:: PROBLEM DESCRIPTION ::
Retype exactly every line from the one that includes "Audi A6 Avant 3.0 TDI quattro S tronic - 25" through the final line of the listing, both ends kept, and omit the pictures.

:: PROVIDED DATA ::
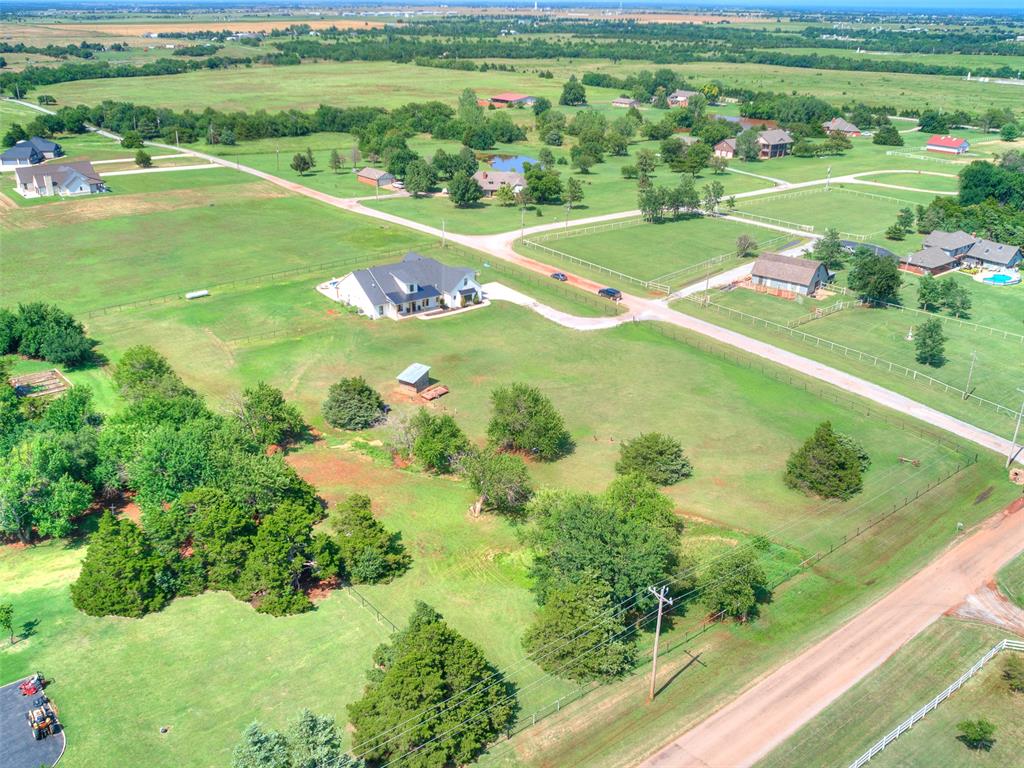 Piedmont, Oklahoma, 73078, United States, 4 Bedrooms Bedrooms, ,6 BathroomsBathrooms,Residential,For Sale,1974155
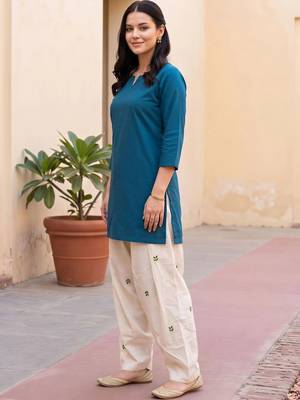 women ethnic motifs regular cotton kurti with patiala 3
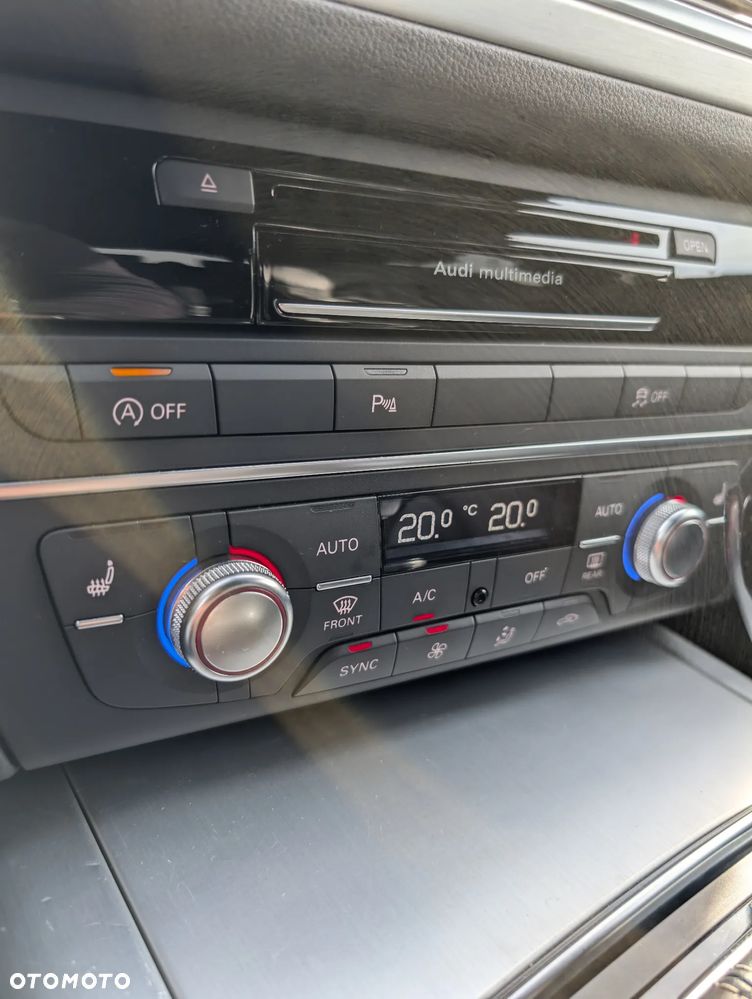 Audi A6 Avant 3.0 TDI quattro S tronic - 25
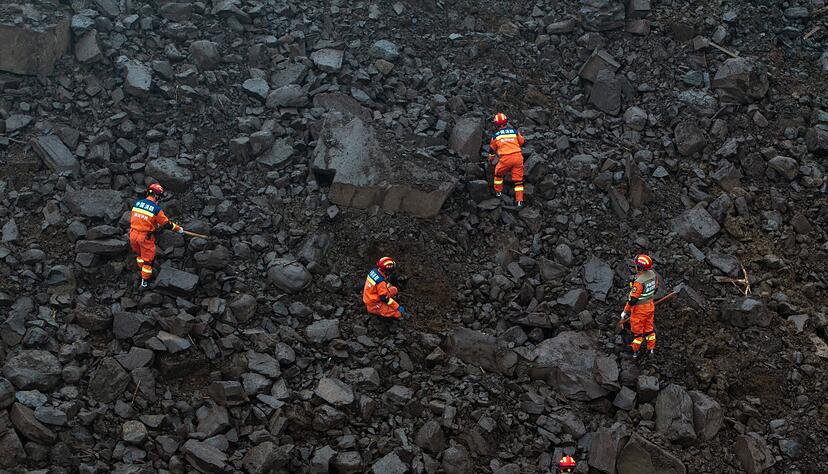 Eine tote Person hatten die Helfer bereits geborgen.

:: OUTPUT ::
 Audi A6 Avant 3.0 TDI quattro S tronic - 25
 Eine tote Person hatten die Helfer bereits geborgen.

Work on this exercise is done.